Les historiens ne résistent guère à l’envie de se servir des noms de lieux. L’auteur de cet article, chercheuse au CNRS, nous met en garde dans un article de la revue en ligne du Laboratoire Archéologie et Territoires de Tours.

« L'utilisation de la toponymie comme source de l'histoire de l'occupation du sol remonte, dans le nord et l'ouest de l'Europe, à la fin du 19e s. » Le patriotisme atteignait un niveau excessif et les théories ethniques voire racistes influençaient la discipline historique. En 1890 Arbois de Jubainville affirme que les toponymes formés avec le suffixe -acus, qui ont donné des noms de lieux en -y, -ay, -ac ou -é seraient gallo-romains et désigneraient les emplacements d'anciennes villae : le radical représenterait le nom du propriétaire et le suffixe -acus signifierait "domaine de".

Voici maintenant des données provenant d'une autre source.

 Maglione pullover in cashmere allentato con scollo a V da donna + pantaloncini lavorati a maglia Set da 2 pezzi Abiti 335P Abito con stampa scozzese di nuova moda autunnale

La toponymie permettait de combler les lacunes documentaires. Pour Charles Higounet, historien du Sud-Ouest (1975), le passage de l’antiquité au Moyen Age ayant laissé peu de documents et de monuments, « force est de demander beaucoup à la toponymie et aux vocables de paroisses pour essayer de percer le mystère de l'essor du peuplement ».

Assez vite toutefois, des réserves apparurent.

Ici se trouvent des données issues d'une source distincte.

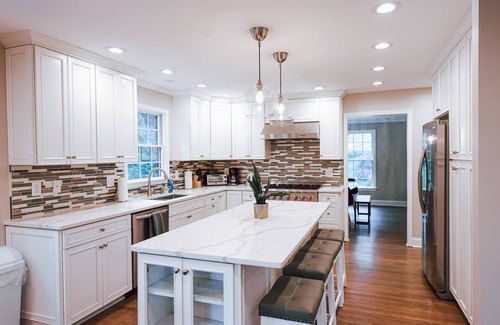 Annandale Casa | Luxury 4-6 Bedroom House with Movie Theater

Les toponymes sont fréquemment déformés par des analyses intellectuelles fragiles (les fausses étymologies, lorsque le terme n'est plus compris), des contaminations et même des erreurs de transcription.

Michel Roblin (le terroir de Paris, 1951) montre que le suffixe -acus avait un sens général, et qu'il était plus souvent associé à des noms désignant le relief, le sol, les plantes, qu'à des noms de personnes. Un toponyme comme Montigny ne serait pas le domaine de M. Montanus mais le "lieu du mont". Il faut confronter la toponymie avec l'épigraphie (inscriptions) et de ne conserver dans les anthroponymes (noms de personnes) que ceux attestés par les écrits contemporains dans la région.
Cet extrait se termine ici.